Along with a speck of gray. It appeared in the gelding’s pupil. Like a flake of ash. But, it spread beneath the film and shine. Spreading with each lazy blink, like billowing rain clouds, till the entirety of its eyes were filled with a storming gray, churning like trapped smoke. The gelding snorted and clawed the ground. The stranger giggled as he touched his heels to ribs. Under the starry sky, alone in the desert, horse and rider walked alongside the line of lonely train tracks toward a horizon, where the world was cut, the bleeding of a rising sun. 

“This is life,” the stranger pronounced, breathing deeply the dark morning air. “A man and his horse. The meeting of new friends. The thrill of the chase.”

The gelding snorted. 

“Of course! She has to die. That’s the contract. Kill her. It wouldn’t bode well for me if I didn’t. Not at all. Think of my reputation. My flawless record. I can’t let her ruin that. Consistency is key in my line of work. Such a small detail. So many of the young bucks don’t understand. They’re all about the flash or the high dollar names, but I tell you, a job is a job. No matter the soul. You do your best work. You take pride in it. Every time. Then that makes you reliable. And reliability, my good beast of burden, if you’re seen as reliable, why, you’ll spend less and less time bound in the chains.” 

The gelding held his head lazily, bobbing with the slow steps. 

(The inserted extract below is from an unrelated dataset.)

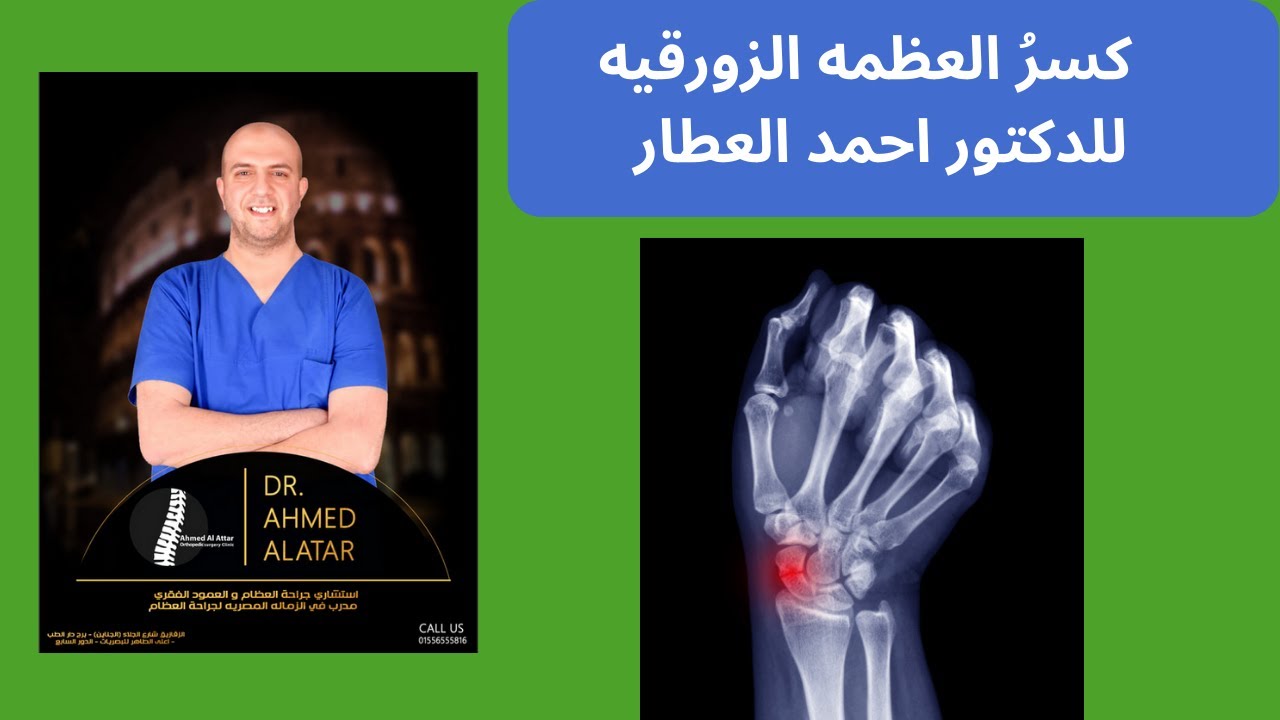 كسرُ العظمه الزورقيه للدكتور احمد العطار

“Yes, I know what you’re pondering. In theory, I’m still bound. Though the metal links aren’t coiled about my body, bruising my flesh, burdening my bones, I still feel their oppressive weight. Because, soon as the job is complete, a hundred goblin hands will drag me back to my prison.” 

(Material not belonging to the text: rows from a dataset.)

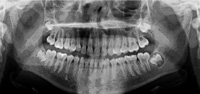 Panoramic X-ray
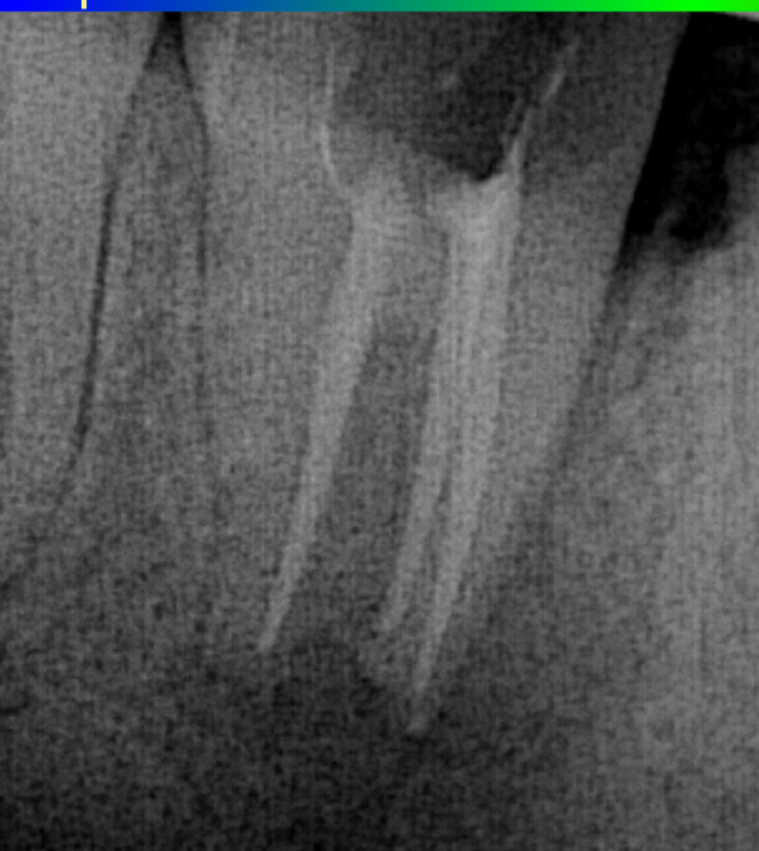 endodontic reatment , root canal treatment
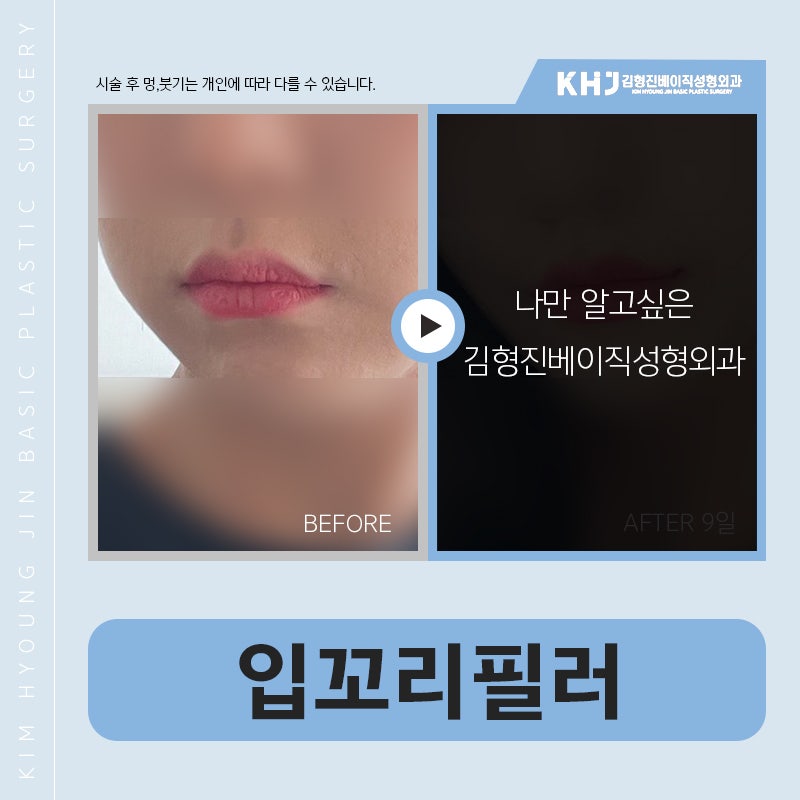 입꼬리올리는법 이렇게나 간단해 : 네이버 블로그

A fly buzzed around the gelding’s head. He flicked his ears. 

“I already explained why she had to die. And besides, the power remains with the Armadillo Shaman. The goblin fiends are at his command. Even now, he could summon them and I would feel their cold grip. The chains. The darkness. The waiting.” 

The sun balanced on the line of the desert horizon like a flaming wheel. Bright and red. Its heat permeating the world, evaporating the coolness, steaming the air. The stranger pulled the brim of the hat (Frank’s hat) to shade his weak eyes, still unaccustomed to the brilliant light. He squinted, viewing the sun, not as some heavenly orb bringing the goodness of light and warmth to a sleeping world, but as a portal to Hell, a window to the insatiable flames, a portent of shriveling heat, of the drowning sweat, an omen of the searing light. 

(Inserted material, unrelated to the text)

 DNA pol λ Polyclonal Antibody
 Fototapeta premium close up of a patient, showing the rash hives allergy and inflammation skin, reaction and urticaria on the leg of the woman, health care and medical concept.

He didn’t know when the Judgment would come. It could be tomorrow, it could be a few millennia. But, bound in the chains, just waiting, left with only his anxious imagination, was not how he wanted to go. No. Fist raised. A fist filled with souls, souls that wouldn’t make it to Heaven, souls that would cook alongside him, souls that screamed in the flames next to him. Perhaps their tortured faces would remind him of his glory days, of his past life, when he had power. Frank and Emil’s faces came in his memory. Hundreds of others appeared as well. Perhaps, like trophies, they would bring him comfort on his lowest days. 

The gelding whinnied. 

“I think there will come a time where we can discuss options,” the stranger spread a toothy smile. “For now, we follow these tracks. I’m sure our lady friend and her white knight have stopped off in the nearest town, thinking, quite innocently, that their purserer is dead and buried.” 

As the sun climbed higher, brightening the landscape, a frail column of smoke wafted a few hundred yards in the distance near the line of train tracks. Soon, they saw the dingy canvas of a wagon and heard the clamoring of pots as men cooked breakfast. The stranger petted the horse’s neck, “It’s only polite to say Good Morning.”